## INFORMATION SUPPLIED:
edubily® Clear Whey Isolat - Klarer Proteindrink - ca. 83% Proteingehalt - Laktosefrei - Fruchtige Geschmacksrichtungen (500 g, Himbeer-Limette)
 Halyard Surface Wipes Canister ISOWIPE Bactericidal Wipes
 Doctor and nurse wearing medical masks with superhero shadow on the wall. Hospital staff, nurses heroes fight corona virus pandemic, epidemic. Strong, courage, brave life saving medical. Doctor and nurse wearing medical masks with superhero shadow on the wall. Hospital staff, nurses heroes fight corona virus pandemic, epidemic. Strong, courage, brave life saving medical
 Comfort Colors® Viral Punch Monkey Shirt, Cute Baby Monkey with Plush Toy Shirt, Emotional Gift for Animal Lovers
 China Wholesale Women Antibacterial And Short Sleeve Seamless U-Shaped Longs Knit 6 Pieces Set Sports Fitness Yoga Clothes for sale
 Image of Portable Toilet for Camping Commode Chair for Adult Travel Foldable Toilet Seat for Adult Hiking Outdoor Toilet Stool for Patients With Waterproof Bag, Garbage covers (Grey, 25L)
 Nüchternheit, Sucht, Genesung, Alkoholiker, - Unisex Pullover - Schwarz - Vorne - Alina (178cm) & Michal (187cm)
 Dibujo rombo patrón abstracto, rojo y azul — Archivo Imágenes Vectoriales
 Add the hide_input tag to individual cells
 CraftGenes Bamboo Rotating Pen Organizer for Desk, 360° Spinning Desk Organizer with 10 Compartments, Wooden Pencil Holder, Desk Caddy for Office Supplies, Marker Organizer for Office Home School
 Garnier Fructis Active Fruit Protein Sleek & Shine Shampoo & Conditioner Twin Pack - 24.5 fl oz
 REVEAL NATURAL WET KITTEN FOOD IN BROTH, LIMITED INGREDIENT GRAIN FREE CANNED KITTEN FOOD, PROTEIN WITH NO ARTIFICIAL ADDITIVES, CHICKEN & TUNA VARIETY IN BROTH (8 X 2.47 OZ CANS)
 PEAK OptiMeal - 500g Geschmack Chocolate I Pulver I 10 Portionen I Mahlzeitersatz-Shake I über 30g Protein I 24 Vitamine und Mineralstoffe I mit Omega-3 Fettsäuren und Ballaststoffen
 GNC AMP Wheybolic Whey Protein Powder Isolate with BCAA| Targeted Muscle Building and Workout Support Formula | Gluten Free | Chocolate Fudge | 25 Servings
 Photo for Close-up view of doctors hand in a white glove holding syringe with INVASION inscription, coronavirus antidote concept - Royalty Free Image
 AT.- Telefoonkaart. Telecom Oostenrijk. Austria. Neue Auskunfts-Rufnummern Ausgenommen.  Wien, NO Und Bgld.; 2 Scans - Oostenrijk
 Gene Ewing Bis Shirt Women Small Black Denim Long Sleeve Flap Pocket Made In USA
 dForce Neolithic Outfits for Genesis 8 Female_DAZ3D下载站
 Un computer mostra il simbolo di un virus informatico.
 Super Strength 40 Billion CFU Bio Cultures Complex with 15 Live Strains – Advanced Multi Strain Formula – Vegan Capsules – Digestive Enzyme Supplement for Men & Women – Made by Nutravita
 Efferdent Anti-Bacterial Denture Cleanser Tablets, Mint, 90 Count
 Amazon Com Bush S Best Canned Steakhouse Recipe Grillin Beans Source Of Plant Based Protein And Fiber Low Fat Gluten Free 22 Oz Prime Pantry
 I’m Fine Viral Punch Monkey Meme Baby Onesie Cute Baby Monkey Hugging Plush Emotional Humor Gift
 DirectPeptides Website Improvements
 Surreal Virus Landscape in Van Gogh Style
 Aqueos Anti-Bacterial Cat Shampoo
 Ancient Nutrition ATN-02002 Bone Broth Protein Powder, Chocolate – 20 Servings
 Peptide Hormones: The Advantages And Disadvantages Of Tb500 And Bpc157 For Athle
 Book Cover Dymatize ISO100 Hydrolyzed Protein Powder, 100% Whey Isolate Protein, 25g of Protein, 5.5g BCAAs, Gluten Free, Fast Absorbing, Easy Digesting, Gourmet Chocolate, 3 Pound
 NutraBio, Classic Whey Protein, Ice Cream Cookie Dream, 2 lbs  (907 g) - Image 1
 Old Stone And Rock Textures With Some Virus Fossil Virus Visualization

## THE TASK:
Write out word for word only the lines from the one with "I’m Fine Viral" to the end of the material, both ends included.

## SOLUTION:
 I’m Fine Viral Punch Monkey Meme Baby Onesie Cute Baby Monkey Hugging Plush Emotional Humor Gift
 DirectPeptides Website Improvements
 Surreal Virus Landscape in Van Gogh Style
 Aqueos Anti-Bacterial Cat Shampoo
 Ancient Nutrition ATN-02002 Bone Broth Protein Powder, Chocolate – 20 Servings
 Peptide Hormones: The Advantages And Disadvantages Of Tb500 And Bpc157 For Athle
 Book Cover Dymatize ISO100 Hydrolyzed Protein Powder, 100% Whey Isolate Protein, 25g of Protein, 5.5g BCAAs, Gluten Free, Fast Absorbing, Easy Digesting, Gourmet Chocolate, 3 Pound
 NutraBio, Classic Whey Protein, Ice Cream Cookie Dream, 2 lbs  (907 g) - Image 1
 Old Stone And Rock Textures With Some Virus Fossil Virus Visualization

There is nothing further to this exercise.